In 1963, when Daniel Mannix died (at 99), it was too soon to judge the impact of that council, but in the half-century that followed, the church - and the world - changed immeasurably.
It seems so strange now, but it was an interesting place to be, at that pivot point in history. And Griffin was adept at finding himself in interesting places at interesting times.
Mannix, his era and close associates (including B.A. Santamaria and John Wren), consumed Griffin's scholarly energies for decades. Griffin's iconoclastic Mannix entry in the Australian Dictionary of Biography sparked fierce reaction when it was published in 1986.
It was deemed heresy (Santamaria and George Pell were among its most vehement repudiators), and all the more heinous for coming from an insider - a Catholic historian who, ironically, was one of the beneficiaries of Mannix's promotion of Catholic higher education and Catholic lay action.
Griffin was the very model of what Mannix had championed: the elevation of Catholics into the educated, professional class. Rhetorically gifted, Griffin demythologises but does not underestimate his subject, which makes his Mannix all the more fascinating.
His book provides careful historian's justice to the many controversies that constellated around Mannix during his long life. He gives a detailed account of the mutations of Mannix's Irish nationalism, which comprehended his courtly reception of British royalty when he was president of Ireland's Maynooth seminary, his ''say no'' interventions in Australia's conscription referenda during the First World War, his strident criticism of England before and after he was intercepted by the British Navy and prevented from landing in Ireland in 1920, and his lifelong friendship with the ''machiavellian'' Eamon de Valera.
His other great friendship, with B.A. Santamaria, Australia's most powerful and politically divisive lay Catholic, is dissected by Griffin's friend, the writer Paul Ormonde, who was called in to complete the final chapter when Griffin died in 2010.
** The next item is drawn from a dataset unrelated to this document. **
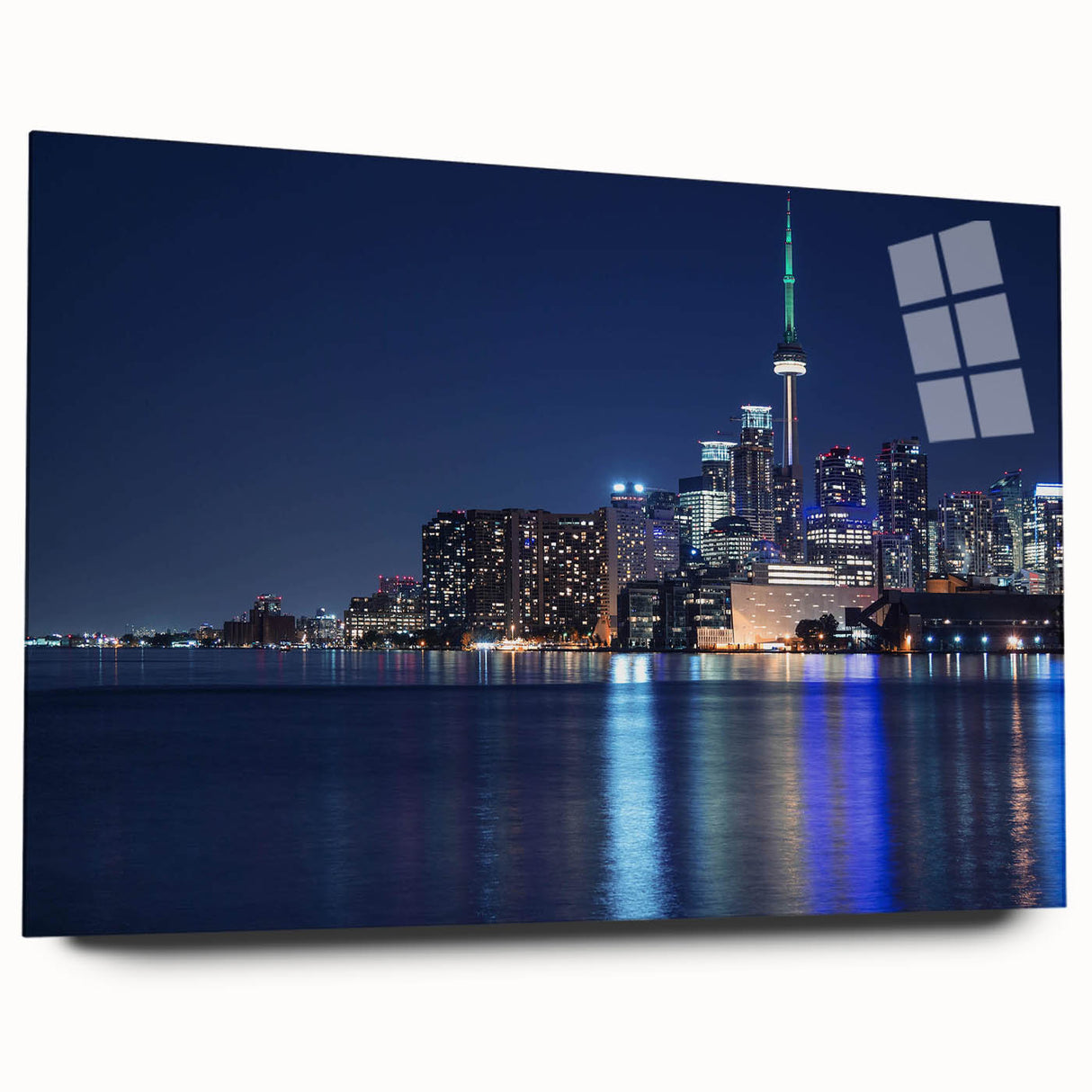 Large abstract wall art in vibrant blue and orange tones on canvas, ideal for bedroom or dining room decor.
Griffin's account will continue to have its critics, particularly in Catholic circles. Let that debate play on. But with sexual abuse in the Catholic church an open scandal, Griffin's work has a new resonance. Daniel Mannix: Beyond the Myths reads like a handbook for the analysis of mystique, of power, of celebrity and its aetiology, of warranted stature and of clay feet.
Times change but we remain drawn by charisma and by demagoguery, so it is instructive - and profoundly moving - to read this portrait of a man who earned his reputation for sanctity and for controversy in another era. What made him? What qualities in him attracted such a following? Can we ever know? Mannix wilfully destroyed most of the personal papers that might have illuminated his private soul. What is the cost of priestly isolation, priestly loneliness?
This was a man who, at the end of his life, could so little bear to be touched that he cut his own hair. Yet he touched millions of lives. He lived austerely and strode the world magisterially. He was humble and arrogant, prayerful and powerful. Humankind is irrevocably drawn to charismatic leaders, and Mannix was undoubtedly one such.